[[ Dataset entries open ]]

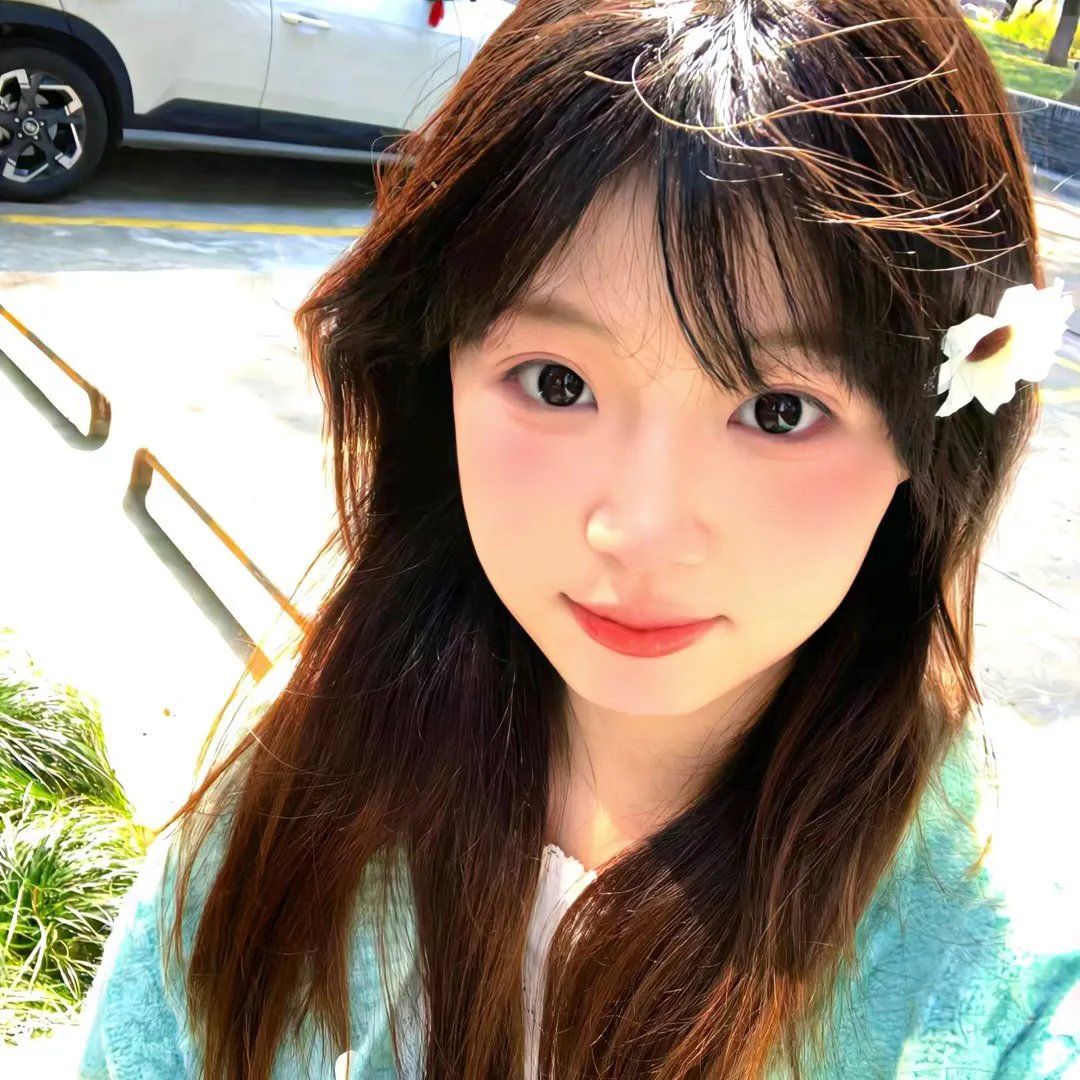 白色女孩粤语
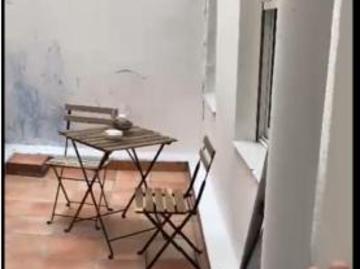 El Calvario, Valencia, Centro de Paterna, Terramelar, Valencia, Comunidad Valenciana, Comunidad Valenciana
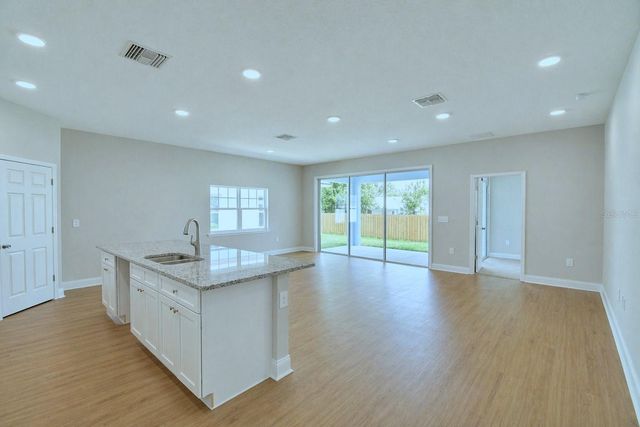 152 1ST STREET, Winter Haven, FL 33880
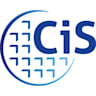 Logo Cis Forschungsinstitut Für Mikrosensorik Gmbh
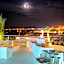 Hotel Il Caminetto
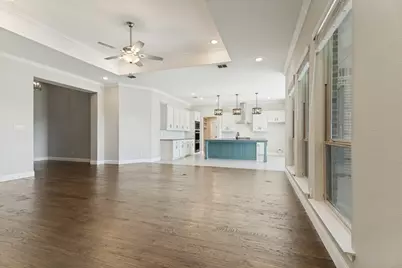 1310 Oliver Creek Drive, Justin, TX 76247 - Photo 5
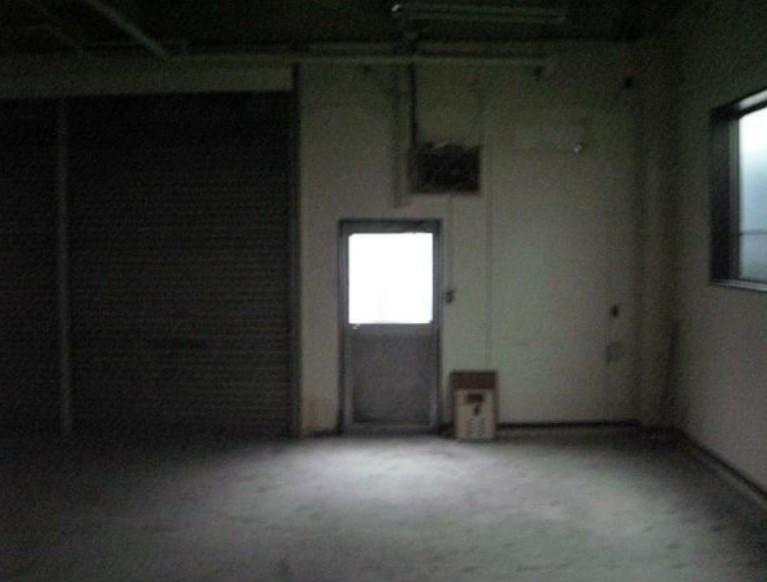 �y���̑������E�X�y�[�X�z�@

[[ Dataset entries closed ]]

For this exercise, transcribe the data above line by line, exactly, with pictures omitted.

 白色女孩粤语
 El Calvario, Valencia, Centro de Paterna, Terramelar, Valencia, Comunidad Valenciana, Comunidad Valenciana
 152 1ST STREET, Winter Haven, FL 33880
 Logo Cis Forschungsinstitut Für Mikrosensorik Gmbh
 Hotel Il Caminetto
 1310 Oliver Creek Drive, Justin, TX 76247 - Photo 5
 �y���̑������E�X�y�[�X�z�@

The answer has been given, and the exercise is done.